Promoter hypermethylation of CDH13 is a common, early event in human esophageal adenocarcinogenesis and correlates with clinical risk factors

Abstract

Although the CDH13 gene has been shown to undergo epigenetic silencing by promoter methylation in many types of tumors, hypermethylation of this gene in Barrett's‐associated esophageal adenocarcinogenesis has not been studied. Two hundred fifty‐nine human esophageal tissues were therefore examined for CDH13 promoter hypermethylation by real‐time methylation‐specific PCR. CDH13 hypermethylation showed discriminative receiver‐operator characteristic curve profiles, sharply demarcating esophageal adenocarcinoma (EAC) from esophageal squamous cell carcinoma (ESCC) and normal esophagus (NE) (p < 0.0001). CDH13 normalized methylation values (NMV) were significantly higher in Barrett's esophagus (BE), dysplastic BE (D) and EAC than in NE (p < 0.0000001).

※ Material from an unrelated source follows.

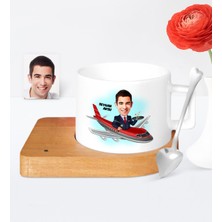 BK Kişiye Özel Kabin Memuru Host Karikatür Ahşap Altlıklı Seramik Fincan - 1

CDH13 hypermethylation frequency was 0% in NE but increased early during neoplastic progression, rising to 70% in BE, 77.5% in D and 76.1% in EAC. Both CDH13 hypermethylation frequency and its mean NMV were significantly higher in BE with than without accompanying EAC. In contrast, only 5 (19.2%) of 26 ESCCs exhibited CDH13 hypermethylation. Furthermore, both CDH13 hypermethylation frequency and its mean NMV were significantly higher in EAC than in ESCC, as well as in BE or D vs. ESCC. Interestingly, mean CDH13 NMV was significantly lower in short‐segment than in long‐segment BE, a known clinical risk factor for neoplastic progression. Similarly, BE segment length was significantly lower in specimens with unmethylated than with methylated CDH13 promoters. 5‐aza‐2′‐deoxycytidine treatment of OE33 EAC and KYSE220 ESCC cells reduced CDH13 methylation and increased CDH13 mRNA expression. These findings suggest that hypermethylation of CDH13 is a common, tissue‐specific event in human EAC, occurs early during BE‐associated neoplastic progression, and correlates with known clinical neoplastic progression risk factors. © 2008 Wiley‐Liss, Inc.